Mr. Stickyfoot and Miss Bubble opened a metal box that looked like a small freezer and stuck the tickle sticks inside.
“In a few minutes, we’ll have a complete DNA report. Then we’ll take a look at the data and make our recommendations,” said Mr. Stickyfoot.
“Should we send the boys to Planet Blaron orientation while we wait?” Miss Bubble asked.
“Planet Blaron orientation?!” The word “orientation” always makes me nervous because it reminds me of the first day of school.
“I think they’re ready,” said Mr. Stickyfoot. “Alistair, you stay here so we can discuss our findings with you first. Boys—prepare yourselves to visit Planet Blaron!”
A ray of light surrounded Iggy and me.
“AWESOME!” Just before we disappeared, Iggy managed to blast Miss Bubble and Mr. Stickyfoot with a mountain of whipped cream.
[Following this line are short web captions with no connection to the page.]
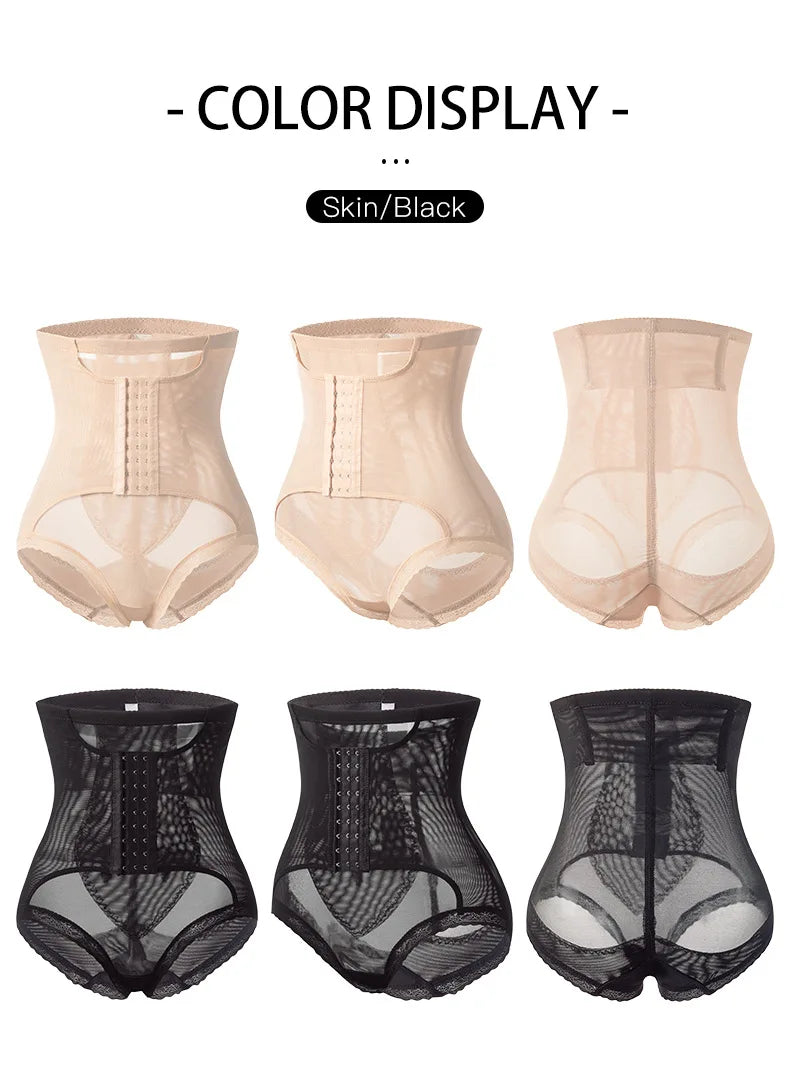 Women’s Waist Control Shapewear Panty with 3-Row Hooks Double Tummy Compression Mesh Butt Lifter High Waist Slimming Body Shaper Aviola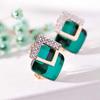 Trendy Green Square Earrings Women Charm Geometric Stud Earring Bridal Engagement Party Jewelry Anniversary Gifts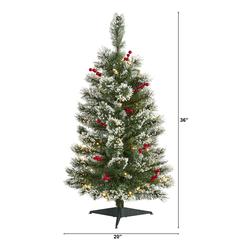 3ft. Frosted Swiss Pine Artificial Christmas Tree with 50 Clear LED Lights and Berries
IGGY AND I FOUND OURSELVES standing in an open field where row after row of green, clumpy plants grew. It looked like some kind of farm, but we seemed to be in a sort of covered greenhouse with a high ceiling. I bent down to take a closer look at the plants, and discovered that they were broccoli—or something that looked a lot like broccoli.
“What dat bad smell?” Iggy asked.
He was right; the air stunk like a pile of dirty socks. On the other hand, I supposed it was lucky that we could breathe at all, since we were on an alien planet.
“What dis place called, Dano?”
“I guess we’re on Planet Blaron.” I wondered if someone was going to show up and explain what, exactly, we were doing on this alien broccoli farm.